The narrator's essence, made analogous to a perfume, is absorbed by only a "tiny slice of the house." She would like this scent to permeate her entire being, just as it permeates the body of the "red-brown girl."
The "red-brown girl" is a muse of sorts--she is a physical manifestation of the narrator's unconscious. The muse embodies the color blue, a color which continually symbolizes the unconscious realm, or the "imaginative space," for McGuckian. The muse drank blue and "it had dried in her." Thus this girl will have permanent access to the unconscious; "she carried it wide awake in herself / ever after."

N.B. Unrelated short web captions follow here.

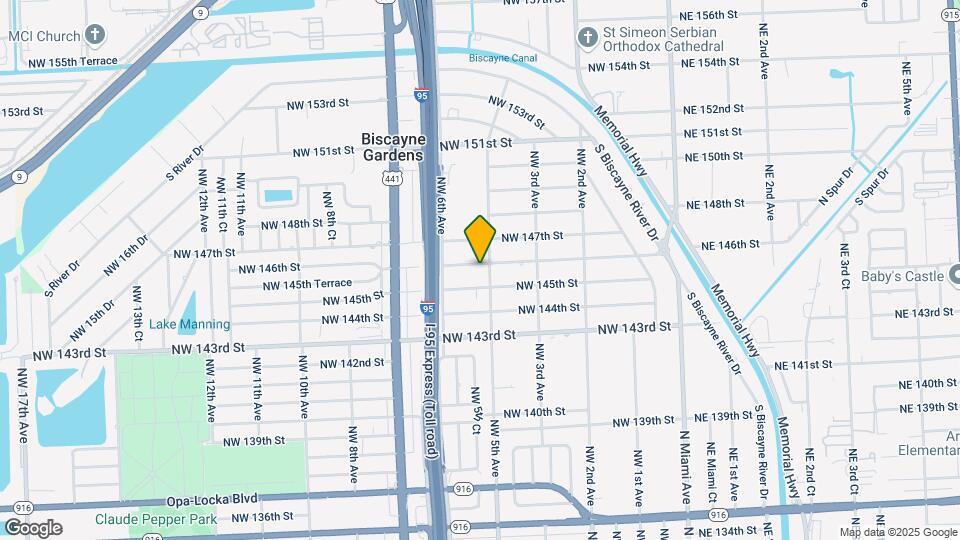 510 NW 146th St Map and Location Details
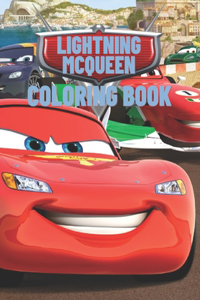 Lightning Mcqueen Coloring Book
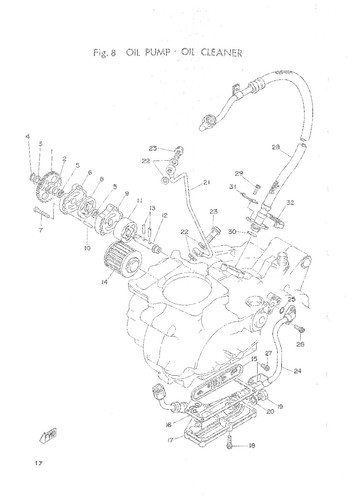 YAMAHA Parts Manual TT500 E 1978 Replacement Spares Catalog List TT500E - Picture 2 of 4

If the unconscious is "wide awake" in the "red-brown girl" then she must be the narrator's muse--inspiring the poet to bring the unconscious to light.
Both the muse and the narrator represent a threshold between boundaries--an in-between space. The narrator herself is somewhere between childhood and womanhood. She tries to capture an innocent passion and energy, "A flying-heartedness," while still maturing and probing deeper into the unconscious realm. (The term "girl" and the opening phrase, "As a child cries," are references back to childhood).
The muse also represents a threshold in the sense that she exists at the point where boundaries cross one another, or where they are one and the same. The red-brown girl has a "boy-girl body of a flower" meaning that she has parts "belonging" to each gender, just as a flower contains within it both the male and female sexual organs/parts. (This image calls to mind Virginia Woolf's androgynous figure). The "red-brown girl" is robust and full of life, but also delicate for she is named as a "girl" so she must be young.
The muse carries the music of the unconscious within her, and it "blew that other look / to bits." McGuckian searches for a way to break through to the realm of the unconscious and to see the world in a new light. She begs, "If what she hunted for could fit my eys, / I would shine in the window of her blood like wine, or perfume, or till nothing was left of me bust listening." The narrator and/or the poet wishes to embrace and embody this muse. McGuckian uses terms such as "wine," "perfume," and "listening" to reveal this desire to intoxicate, permeate, and absorb the imaginative power that the "red-brown" girls represents. McGuckian would like to get drunk off of the blue, and intoxicate herself with creativity, mystery, and female essence.